Took the last few months putin together something diff. Im hopin to replicate a Civil war gun. This is breach load for saftey but the ball is loaded by the muzz.(reduced breach) I still have too find the ball to weld to the plug but figured maybe you guys might have a thought on what to make pre-loaded cartridges out of and how much powder. Im thinking 10grams of FF 2 start.


----------



## JIG (Nov 2, 2004)




----------



## scallop (Apr 1, 2007)

Not much help on advising you but that is one nifty lookin boomer! Would love to see it shoot.


----------



## JIG (Nov 2, 2004)

Ya Im hopin so. Figured out 10grams is = to 150grain though


----------



## C.Keith&Co (Aug 28, 2010)

try sending a e-mail to Timken Bearing customer service dept. and ask them if they have any off spec bearings you could buy. they might have what you need.


----------



## JoeFish (Apr 2, 2011)

Not exactly sure what you are looking for, but try searching at www.mcmaster.com for steel balls

There is a mcmaster in aurora, and they ship pretty quick.

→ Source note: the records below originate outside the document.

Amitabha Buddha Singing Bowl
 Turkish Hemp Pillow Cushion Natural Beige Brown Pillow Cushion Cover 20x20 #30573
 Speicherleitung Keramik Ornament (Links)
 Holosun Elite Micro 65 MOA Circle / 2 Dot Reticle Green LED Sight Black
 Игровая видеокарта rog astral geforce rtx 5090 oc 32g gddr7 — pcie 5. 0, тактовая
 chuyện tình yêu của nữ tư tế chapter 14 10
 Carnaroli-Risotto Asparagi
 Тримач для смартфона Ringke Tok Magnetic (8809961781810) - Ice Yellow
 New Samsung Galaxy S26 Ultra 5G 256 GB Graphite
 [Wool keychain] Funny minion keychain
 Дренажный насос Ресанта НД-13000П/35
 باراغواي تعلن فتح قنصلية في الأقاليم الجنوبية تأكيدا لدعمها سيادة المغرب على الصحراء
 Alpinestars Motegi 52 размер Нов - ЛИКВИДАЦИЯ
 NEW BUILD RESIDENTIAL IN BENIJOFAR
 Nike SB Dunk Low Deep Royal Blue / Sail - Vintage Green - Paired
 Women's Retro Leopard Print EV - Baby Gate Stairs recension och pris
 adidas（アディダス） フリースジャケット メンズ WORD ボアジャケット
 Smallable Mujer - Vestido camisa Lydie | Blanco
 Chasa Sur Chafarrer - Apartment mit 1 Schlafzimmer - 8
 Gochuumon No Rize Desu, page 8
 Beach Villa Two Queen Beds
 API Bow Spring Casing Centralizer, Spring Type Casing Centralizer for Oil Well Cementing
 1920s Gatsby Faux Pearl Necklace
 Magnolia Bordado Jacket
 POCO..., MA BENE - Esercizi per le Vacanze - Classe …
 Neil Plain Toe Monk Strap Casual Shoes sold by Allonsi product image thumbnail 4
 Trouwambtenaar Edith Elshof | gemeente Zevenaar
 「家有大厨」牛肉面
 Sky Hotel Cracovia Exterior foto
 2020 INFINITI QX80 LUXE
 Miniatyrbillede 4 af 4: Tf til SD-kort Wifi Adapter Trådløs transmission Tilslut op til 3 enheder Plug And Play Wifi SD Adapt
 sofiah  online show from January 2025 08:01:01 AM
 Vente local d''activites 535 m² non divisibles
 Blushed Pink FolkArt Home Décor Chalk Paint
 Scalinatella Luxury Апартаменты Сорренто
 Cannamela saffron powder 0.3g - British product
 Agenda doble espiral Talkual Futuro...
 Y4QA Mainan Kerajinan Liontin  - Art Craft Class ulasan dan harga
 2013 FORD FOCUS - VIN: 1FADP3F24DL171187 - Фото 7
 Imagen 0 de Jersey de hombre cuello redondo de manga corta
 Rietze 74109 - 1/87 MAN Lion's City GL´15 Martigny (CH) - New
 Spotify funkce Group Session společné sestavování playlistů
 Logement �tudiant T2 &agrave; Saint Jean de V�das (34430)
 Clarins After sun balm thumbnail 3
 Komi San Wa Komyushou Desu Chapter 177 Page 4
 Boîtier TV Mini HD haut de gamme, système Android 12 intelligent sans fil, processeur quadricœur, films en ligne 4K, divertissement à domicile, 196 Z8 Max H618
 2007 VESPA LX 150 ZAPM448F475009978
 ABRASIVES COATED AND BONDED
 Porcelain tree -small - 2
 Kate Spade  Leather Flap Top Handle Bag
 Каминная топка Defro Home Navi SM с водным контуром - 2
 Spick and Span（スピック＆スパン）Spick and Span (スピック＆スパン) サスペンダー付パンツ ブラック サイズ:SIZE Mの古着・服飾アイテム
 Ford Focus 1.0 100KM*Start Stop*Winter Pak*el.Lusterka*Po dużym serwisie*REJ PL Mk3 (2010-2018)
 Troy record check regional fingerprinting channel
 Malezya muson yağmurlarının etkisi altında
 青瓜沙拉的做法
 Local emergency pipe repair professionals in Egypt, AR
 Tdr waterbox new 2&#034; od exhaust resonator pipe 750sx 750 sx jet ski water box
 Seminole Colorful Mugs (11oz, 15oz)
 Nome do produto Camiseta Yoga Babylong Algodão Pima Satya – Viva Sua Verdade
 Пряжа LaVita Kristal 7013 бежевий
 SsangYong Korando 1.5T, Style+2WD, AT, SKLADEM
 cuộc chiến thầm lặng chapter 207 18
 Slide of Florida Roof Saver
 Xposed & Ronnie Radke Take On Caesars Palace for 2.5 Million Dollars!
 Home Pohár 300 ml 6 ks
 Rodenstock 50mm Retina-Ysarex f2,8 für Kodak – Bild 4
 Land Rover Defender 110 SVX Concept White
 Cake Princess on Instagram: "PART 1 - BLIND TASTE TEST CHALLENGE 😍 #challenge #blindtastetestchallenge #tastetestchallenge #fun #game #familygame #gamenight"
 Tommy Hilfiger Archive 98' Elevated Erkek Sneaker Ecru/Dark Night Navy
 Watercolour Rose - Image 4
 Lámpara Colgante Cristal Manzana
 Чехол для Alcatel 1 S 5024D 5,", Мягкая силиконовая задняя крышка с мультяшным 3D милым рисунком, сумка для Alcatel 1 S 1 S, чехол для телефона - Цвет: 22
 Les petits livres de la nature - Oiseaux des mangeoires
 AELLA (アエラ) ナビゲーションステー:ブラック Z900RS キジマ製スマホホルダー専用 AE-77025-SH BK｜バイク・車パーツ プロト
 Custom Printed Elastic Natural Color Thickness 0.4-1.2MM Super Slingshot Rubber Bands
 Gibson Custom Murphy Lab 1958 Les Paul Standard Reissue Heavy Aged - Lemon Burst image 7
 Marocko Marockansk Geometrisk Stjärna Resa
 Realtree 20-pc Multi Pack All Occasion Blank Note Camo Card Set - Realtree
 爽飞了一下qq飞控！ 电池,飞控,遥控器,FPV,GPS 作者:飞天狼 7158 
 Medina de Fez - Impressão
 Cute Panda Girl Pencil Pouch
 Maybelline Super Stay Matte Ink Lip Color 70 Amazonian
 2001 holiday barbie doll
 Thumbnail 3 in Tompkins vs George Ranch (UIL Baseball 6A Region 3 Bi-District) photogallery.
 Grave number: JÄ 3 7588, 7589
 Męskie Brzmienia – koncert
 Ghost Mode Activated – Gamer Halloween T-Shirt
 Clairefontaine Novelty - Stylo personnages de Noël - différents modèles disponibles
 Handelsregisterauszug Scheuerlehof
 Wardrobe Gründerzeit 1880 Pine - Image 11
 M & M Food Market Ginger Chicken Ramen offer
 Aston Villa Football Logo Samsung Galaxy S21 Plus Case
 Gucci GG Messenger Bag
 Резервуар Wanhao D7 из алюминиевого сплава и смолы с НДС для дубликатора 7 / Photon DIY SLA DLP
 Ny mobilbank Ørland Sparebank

_OutdoorHub Mobile, the information engine of the outdoors._


----------



## JIG (Nov 2, 2004)

Fired 15grams with a paper wad today. Nice! Took awhile to figure out how to get the alum foil right. Pouch like. Also thinkin on makin 30gr charges. Here is a pic of charge tool and 15gr pouch.


----------



## JIG (Nov 2, 2004)

Aluminum foil is static resistant


----------



## JIG (Nov 2, 2004)




----------



## C.Keith&Co (Aug 28, 2010)

I am gonna tell you what- that is sweet !!!!!!!!!!!!!!!! I was looking in an Enco Tool Magazine and they sell steel balls- look up Enco on the net and see if they have anything you can use. know what would really be cool is make a mini- ball out of Styrofoam and make a sand casting -fill it full of lead- shoot them ! that cannon looks awesome !! I tip my hat to you.


----------



## JIG (Nov 2, 2004)

Ill check it out.


----------



## JIG (Nov 2, 2004)




----------